On 24 and 25 April 2012, Eurojust hosted the 12th meeting of the European Network of Contact Points in respect of persons responsible for genocide, crimes against humanity and war crimes (the Genocide Network).
The meeting, convened by the Danish Presidency of the Council of the EU and supported by the Network’s Secretariat and Eurojust, was attended by delegations from 19 Member States, and representatives from Canada, Colombia, Norway, the USA and Switzerland, as well as representatives from the International Criminal Court, Eurojust, the European Commission, the General Secretariat of the Council, Interpol, the International Committee of the Red Cross, the International Association of Prosecutors, Human Rights Watch, REDRESS, the International Federation for Human Rights, the Coalition for the International Criminal Court, Trial and Amnesty International.
Discussions focused on the identification of alleged perpetrators of the crime of genocide, crimes against humanity and war crimes in national immigration procedures. The need for an exchange of information between immigration authorities and law enforcement/prosecution services was highlighted. Participants underlined the need for access to files of immigration authorities, where Article 1F of the Geneva Convention on the status of refugees has been applied, to increase efficiency of investigations and prosecutions of alleged perpetrators.
During the meeting various best practices in immigration procedures were discussed, such as the use of tailored questionnaires related to the specific country of origin; leaflets to increase awareness and encourage crime reporting to law enforcement authorities by immigrants and diasporas; obligatory notifications to law enforcement authorities on cases in which Article 1F of the Geneva Convention on the status of refugees has been applied; and specialised training for immigration officers. Attention was further drawn to the pending ICJ case on the Obligation to Prosecute or Extradite (Belgium v. Senegal), which illustrates the impact that the Court’s decision can have on matters dealt with in the Network; and to the initiative by the Netherlands, cosponsored by Belgium and Slovenia, for a new instrument for international legal cooperation regarding the crime of genocide, crimes against humanity and war crimes. The meeting enabled national authorities to exchange information on practical issues and on-going cases. It is important to stress that close cooperation between authorities at national level and internationally is crucial to fight impunity.

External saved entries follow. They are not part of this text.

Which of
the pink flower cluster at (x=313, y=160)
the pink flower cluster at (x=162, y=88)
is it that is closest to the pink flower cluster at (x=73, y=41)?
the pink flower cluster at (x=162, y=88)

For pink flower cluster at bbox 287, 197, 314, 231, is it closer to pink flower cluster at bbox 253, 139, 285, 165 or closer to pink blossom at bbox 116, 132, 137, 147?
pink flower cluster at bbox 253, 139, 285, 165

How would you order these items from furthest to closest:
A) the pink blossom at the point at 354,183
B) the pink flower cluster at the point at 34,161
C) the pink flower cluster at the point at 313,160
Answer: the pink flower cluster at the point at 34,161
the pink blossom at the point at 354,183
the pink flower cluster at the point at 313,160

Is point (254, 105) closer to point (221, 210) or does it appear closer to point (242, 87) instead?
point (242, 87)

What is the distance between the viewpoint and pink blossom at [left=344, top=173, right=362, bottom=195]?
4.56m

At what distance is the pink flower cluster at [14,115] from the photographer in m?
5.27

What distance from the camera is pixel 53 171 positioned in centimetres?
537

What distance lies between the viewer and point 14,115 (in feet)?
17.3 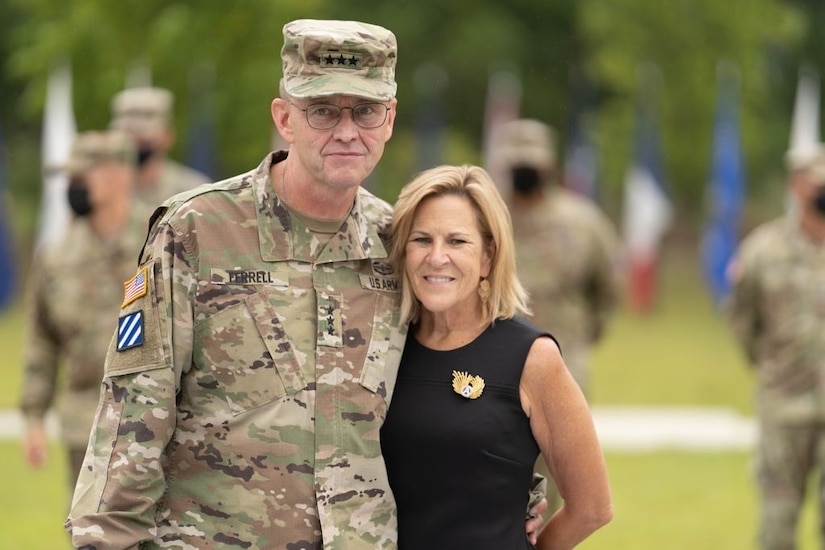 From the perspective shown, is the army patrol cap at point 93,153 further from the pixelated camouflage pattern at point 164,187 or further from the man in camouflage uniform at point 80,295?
the pixelated camouflage pattern at point 164,187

In closing the meeting, the Genocide Network Secretariat expressed satisfaction with the high number of participants, the great interest in the meeting from Member States, Observer States and civil society, the impressive commitment of participants and the level of cooperation, good information sharing and exchange of best practices between the national authorities.
A report on the conclusions of the two-day meeting will be published on the internet in due course.